Mientras tanto, en la esfera de la salud Maduro anunció un plan
de inspección profunda a todas las clínicas privadas del país para
solucionar las irregularidades de ese sector que afectan la atención
médica de los pacientes, como la especulación de los precios y la
prestación de servicios de baja calidad.
En ese sentido, convocó a una mesa de trabajo entre el Gobierno y
los dueños de esos centros de todos los estados para evaluarlos.
Si algo no puede ser una carrera mercantilista en la vida es la
medicina, dijo al exhortar a una nueva ética de la práctica médica.

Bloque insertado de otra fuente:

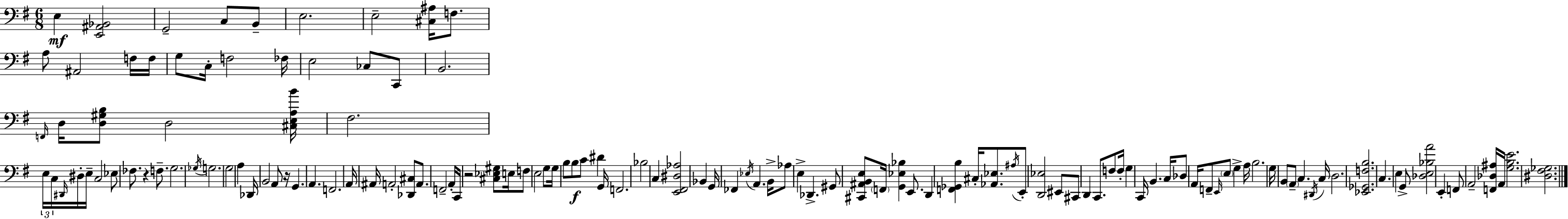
{
  \clef bass
  \numericTimeSignature
  \time 6/8
  \key e \minor
  e4\mf <e, ais, bes,>2 | g,2-- c8 b,8-- | e2. | e2-- <cis ais>16 f8. | \break a8 ais,2 f16 f16 | g8 c16-. f2 fes16 | e2 ces8 c,8 | b,2. | \break \grace { f,16 } d16 <d gis b>8 d2 | <cis e a b'>16 fis2. | \tuplet 3/2 { e16 c16 \grace { dis,16 } } dis16-. e16-- c2 | ees8 fes8. r4 f8.-- | \break g2. | \acciaccatura { ges16 } g2. | g2 a4 | des,16 b,2 | \break a,8 r16 g,4. a,4. | f,2. | a,16 ais,16 a,2-. | <des, cis>8 a,8. f,2-- | \break a,16-. c,16 r2 | <cis ees gis>8 e16 f8 e2 | g8 g16 b8 b8\f c'8 dis'4 | g,16 f,2. | \break bes2 c4 | <e, fis, dis aes>2 bes,4 | g,16 fes,4 \acciaccatura { ees16 } a,4. | b,16-> aes8 e4-> des,4.-> | \break gis,8 <cis, ais, b, e>8 \parenthesize f,16 <g, ees bes>4 | e,8. d,4 <f, ges, b>4 | cis16-. <aes, ees>8. \acciaccatura { ais16 } e,8-. <d, ees>2 | eis,8 cis,8 d,4 c,8. | \break f8 f16-. g4 c,16 b,4. | c16 des8 a,16 f,8-- \grace { e,16 } \parenthesize e8 | g4-> a16 b2. | g16 b,8 \parenthesize a,8-- c4. | \break \acciaccatura { dis,16 } c16 d2. | <ees, ges, f b>2. | c4. | e4 g,8-> <des e bes a'>2 | \break e,4-. f,8 a,2-- | <f, des ais>16 a,16 <g b e'>2. | <dis fis ges>2. | \bar "|."
}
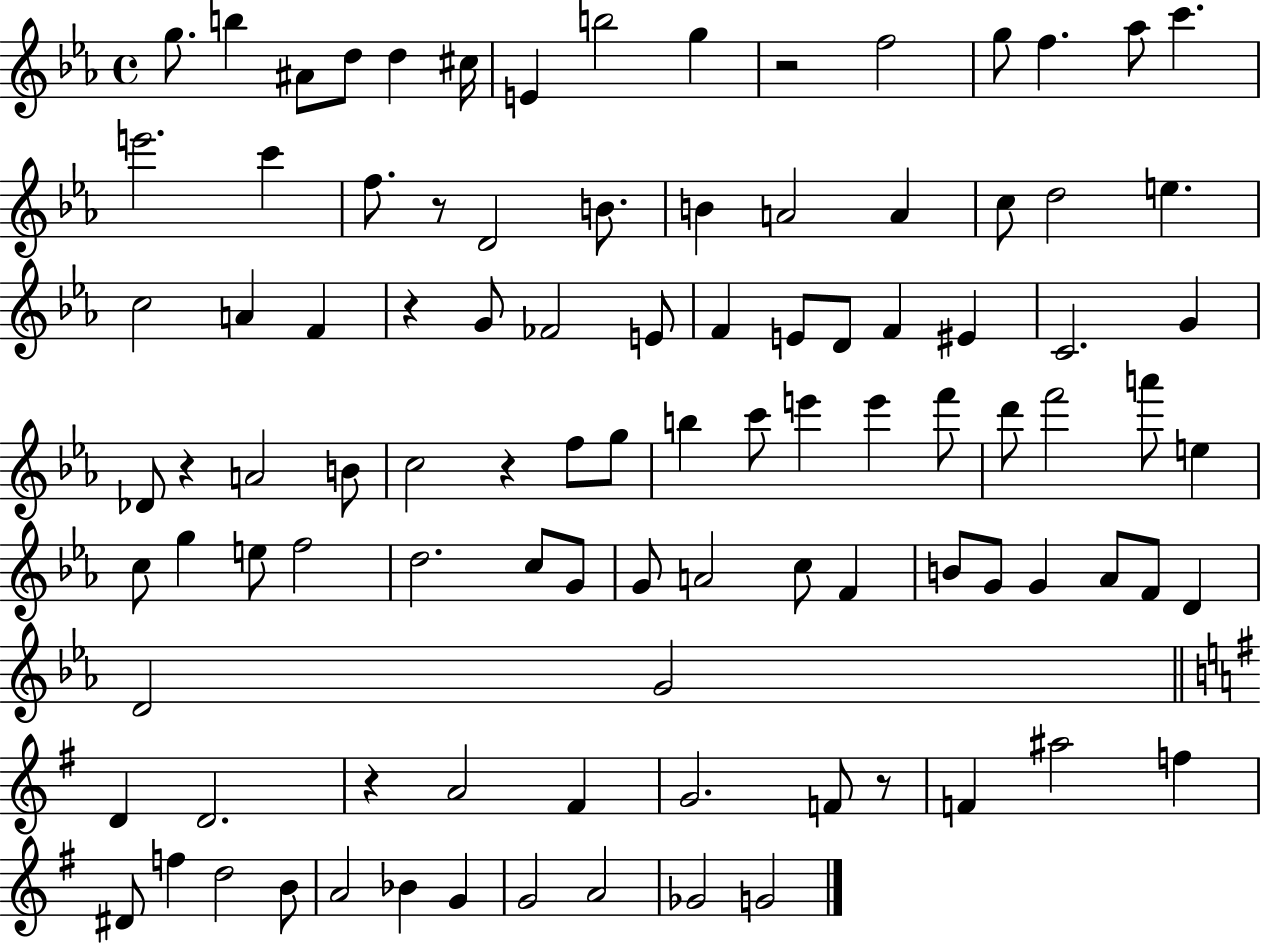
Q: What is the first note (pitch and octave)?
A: G5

Por ello, instó a fortalecer el sistema nacional estatal de salud
de modo que aunque la medicina privada seguirá existiendo, en un
futuro esta debe llegar a representar el 20 por ciento frente a la
pública.
Maduro anunció que incrementar la reserva de alimentos de los
venezolanos será tema clave en la gira que realizará desde mañana
por Uruguay, Argentina y Brasil.
Asimismo, durante la reunión también se conoció del inicio del
pago de un subsidio de 1,1 bolívares (0,17 dólares) por kilogramo de
arroz a los productores de este alimento esencial en la dieta del
venezolano.
Por otra parte, el jefe de Estado rechazó categóricamente las
declaraciones del director del Congreso Judío Latinoamericano,
Claudio Epelman, sobre presunto antisemitismo en el país.
"En Venezuela nunca ha habido antisemitismo. Aquí son bienvenidas
todas las religiones, todos los pueblos del mundo. Nosotros somos un
pueblo de corazón abierto (...) Aunque otra cosa bien distinta es
que tengamos diferencias con el Estado de Israel por sus ataques al
pueblo palestino y sirio", acotó Maduro.